Бор выбрал для публикации тот же журнал и озаглавил свою шестистраничную статью (редакция получила ее 13 июля) так же, как и ЭПР: “Можно ли считать, что квантово-механическое описание физической реальности является полным?”27 Пятнадцатого октября ответ Бора, настойчиво повторявшего: “да”, был опубликован. Однако Бору не удалось обнаружить ошибку в рассуждениях ЭПР, поэтому ответ свелся к утверждению, что предоставленные Эйнштейном свидетельства неполноты квантовой механики не настолько красноречивы, чтобы соответствовать такому сильному утверждению. Используя давно и хорошо известную тактику дебатов, Бор начал защиту копенгагенской интерпретации, оспорив главное в аргументации Эйнштейна: критерий физической реальности. Бор верил, что ему удалось нащупать слабое место. Таковым он считал утверждение о том, что измерение необходимо проводить “без какого-либо возмущения системы”28.

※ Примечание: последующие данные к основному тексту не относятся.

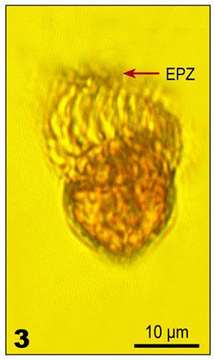 Imagem de Lohmanniella oviformis Leegaard 1915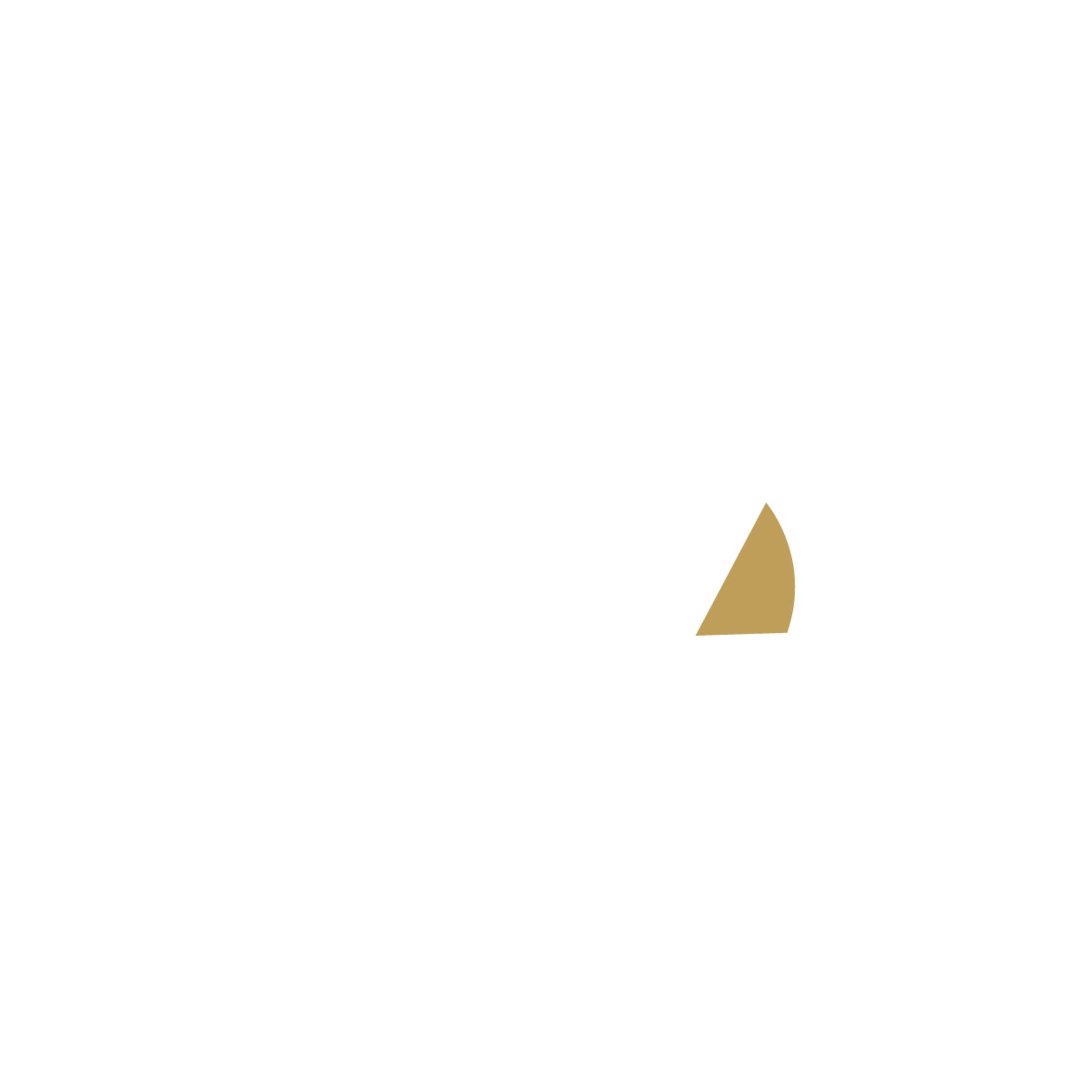 intro-image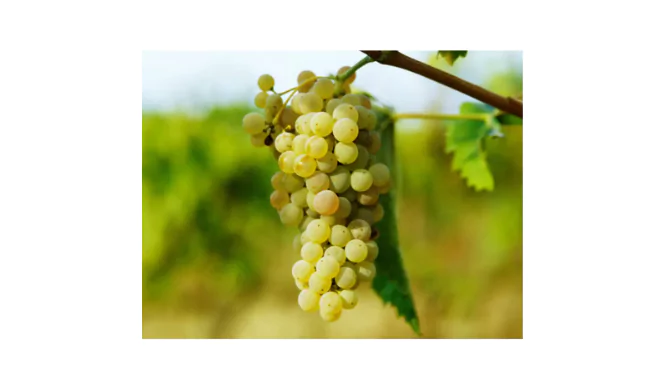 Vernaccia Grape
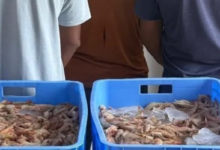 Five people were arrested for hunting without a permit in Al-Qunfudhah, Makkah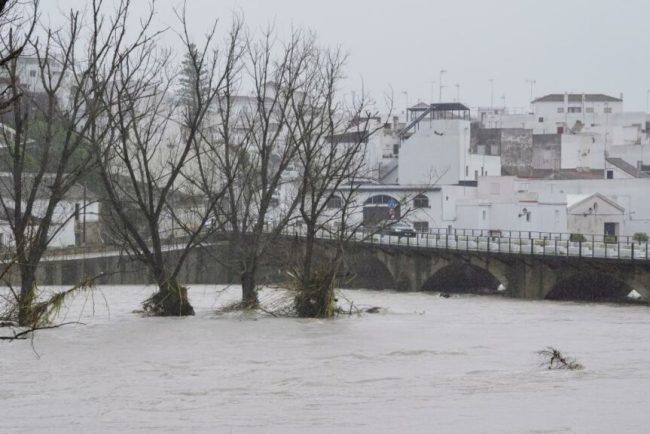 fermierii-anunta-pagube-catastrofale-dupa-ce-furtuna-marta-a-lovit-spania-si-portugalia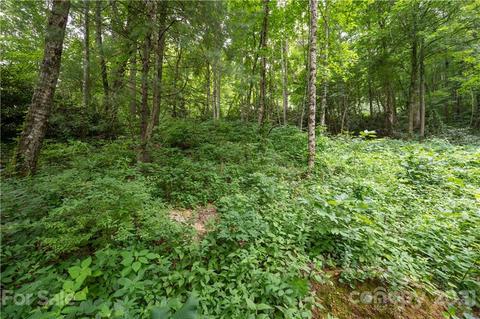 17 Fairview Pointe Dr, Fairview, NC 28730 photo 9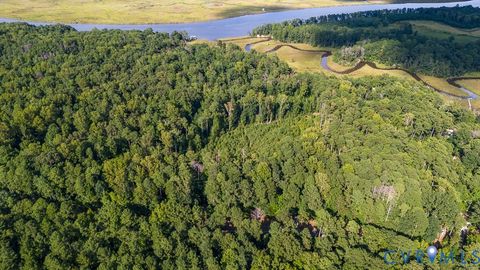 Tiny photo for 00 Custis Millpond Road, West Point, VA 23181 (MLS # 2523013)
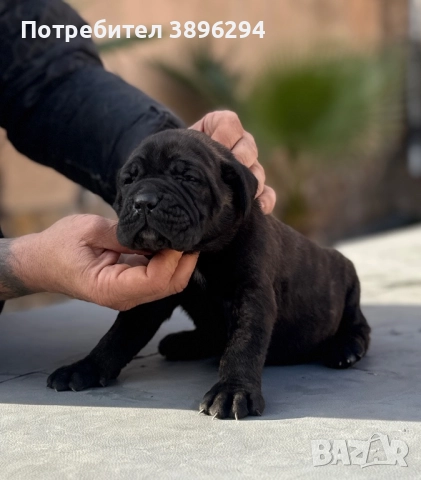 Уникални кученца кане корсо италяно,шоу клас чистокръвни., снимка 2 - Кане корсо - 52775457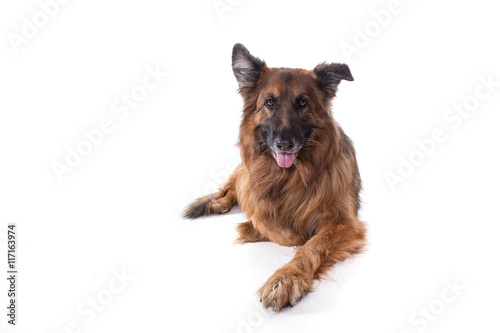german sheperd in white studio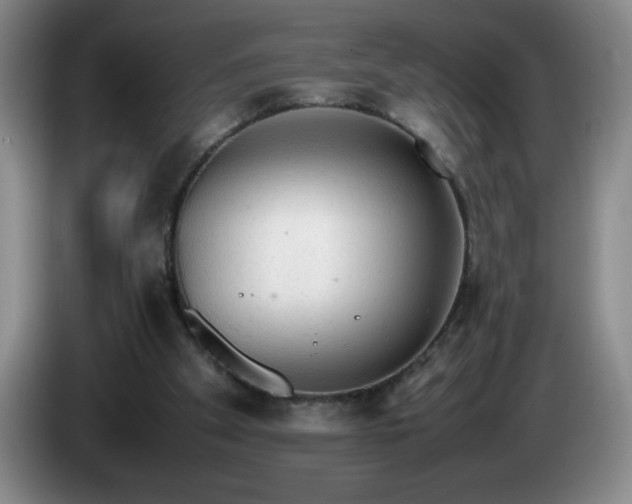 X0000085010105200703121530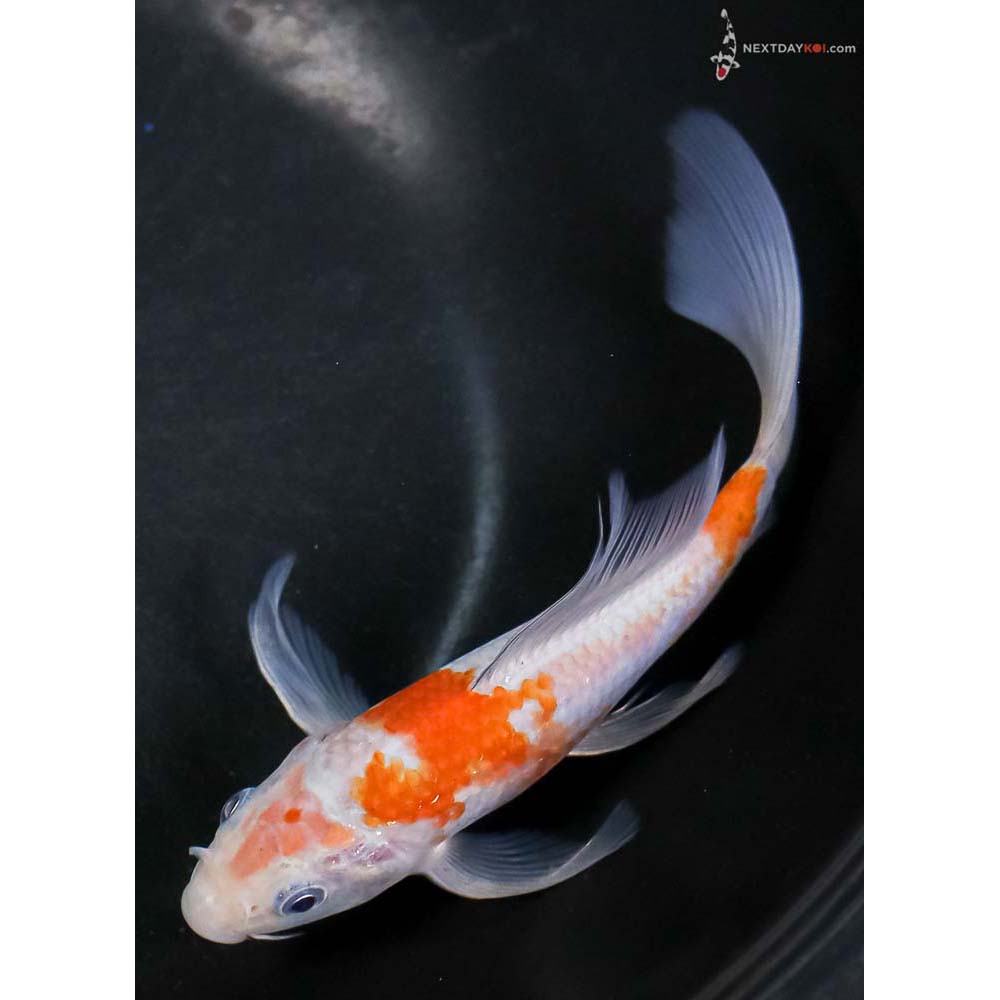 6” Imported Ochiba Shigure Butterfly Koi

Бор рассчитывал воспользоваться тем, что он описал как “двусмысленность, внутренне присущую” критерию реальности “при его применении к квантовым явлениям”. Фактически он публично отступил от ранее занятой позиции – утверждения, что акт измерения неизбежно приводит к физическому возмущению. Именно возмущение Бор использовал для опровержения предыдущих мысленных экспериментов Эйнштейна.
Тогда он показал, что невозможно знать одновременно точный импульс и точную координату частицы, поскольку акт измерения одной из этих характеристик приводит к неконтролируемому возмущению, исключающему точное измерение другой. Бор прекрасно понимал, что ЭПР не пытаются оспорить принцип неопределенности Гейзенберга, поскольку в их мысленном эксперименте одновременного измерения импульса и координаты частицы не происходит.
Бор имел в виду именно это, когда писал, что в мысленном эксперименте ЭПР “не идет речь о механическом возбуждении рассматриваемой системы”29. Сейчас он сделал это важное признание публично, а несколькими годами позднее, у камина в своем загородном доме в Тисвильде, он затронул этот вопрос в частном разговоре с Вернером Гейзенбергом, Хендриком Крамерсом и Оскаром Клейном. “Не странно ли, – сказал Клейн, – что Эйнштейн испытывает такие трудности в признании роли случая в атомной физике?”30 Это связано с тем, что “нельзя произвести наблюдение, не внося возмущение в исследуемое явление, – отозвался Гейзенберг. – Квантовые явления мы описываем с помощью наблюдений, которые автоматически вводят некую неопределенность в наблюдаемое явление. Именно с этим Эйнштейн отказывается согласиться, хотя знает все прекрасно”31. “Я не совсем согласен с вами, – сказал Бор Гейзенбергу32. – В любом случае я нахожу, что утверждения типа ‘наблюдение вносит неопределенность в явление’ неточными и вводящими в заблуждение. Природа учит нас, что слово ‘явление’ неприменимо к атомному процессу до тех пор, пока мы не уточним, как проводился эксперимент или какие приборы использовались для наблюдения. Если использовалась определенная экспериментальная установка и было выполнено определенное наблюдение, допустимо говорить о явлении, но не о его возмущении при наблюдении”33. Однако прежде – и во время, и после Сольвеевских конгрессов – записи Бора пестрели словами об акте измерения, вносящем возмущение в наблюдаемый объект. Именно это предположение позволило ему тогда развенчать мысленные эксперименты Эйнштейна.